According to the text this revelation is from heaven. The Bible is from heaven; the Cross of Christ originated from heaven; and the laws of nature also came from heaven.

Something in this verse not apparent to the English reader is that this revelation of God's wrath is a standing revelation. The tense of the verb is "revealed" is the present in the original Greek and might well be translated like this: "The wrath of God is being revealed continuously." Consider how true this is. The Word of God continues to stand in the world. The Cross of Christ, although it occurred nineteen hundred years ago, continues to stand as the great witness of the wrath of God and has stood for the last nineteen hundred years. Similarly, the wrath of God is being revealed continuously upon those who break the laws of God in nature. It is a standing revelation!

Notice the object of God's wrath.

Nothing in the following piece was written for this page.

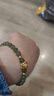 潮宏基 足金多財貔貅和田玉手鏈女士手串黃金手鏈生日禮物女新年禮物 彈力繩 鏈長(cháng)約16-17cm 曬單實(shí)拍圖
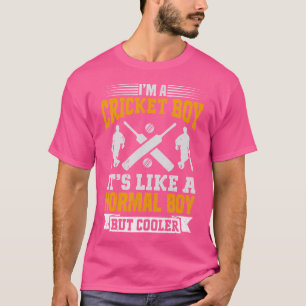 Camiseta Eu Sou Um Garoto De Cricket Boy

Paul, in two words, has summed up all of human sin, placing it in two great divisions: ungodliness and unrighteousness. "Ungodliness" is sin against the "being" of God. "Unrighteousness" is sin against the "will" of God. Man is not only a moral sinner (he is unrighteous), but man is a religious sinner (he is ungodly). The unrighteous man lives as if there were no will of God revealed; the ungodly man lives as if there were no God. That is the relationship between those two things. While unrighteousness has to do with morality - our relation with our fellow man, ungodliness has to do with religion - our relation to a sovereign God.

Some say, "I am righteous; I live a moral life; I do not sin against my fellow men." Such a man - even if he were perfect in that respect, never breaking the laws of man's relationship to man - would still be guilty of ungodliness. It is not enough to keep the laws between man and man for the sake of morality, but h must live righteously for the glory of God, and that is what godliness means. This was the godliness of our Lord Jesus Christ. Every righteous act that He performed, every righteous thought He thought, every righteous word He spoke - was all to the glory of God. He was both godly and also righteous!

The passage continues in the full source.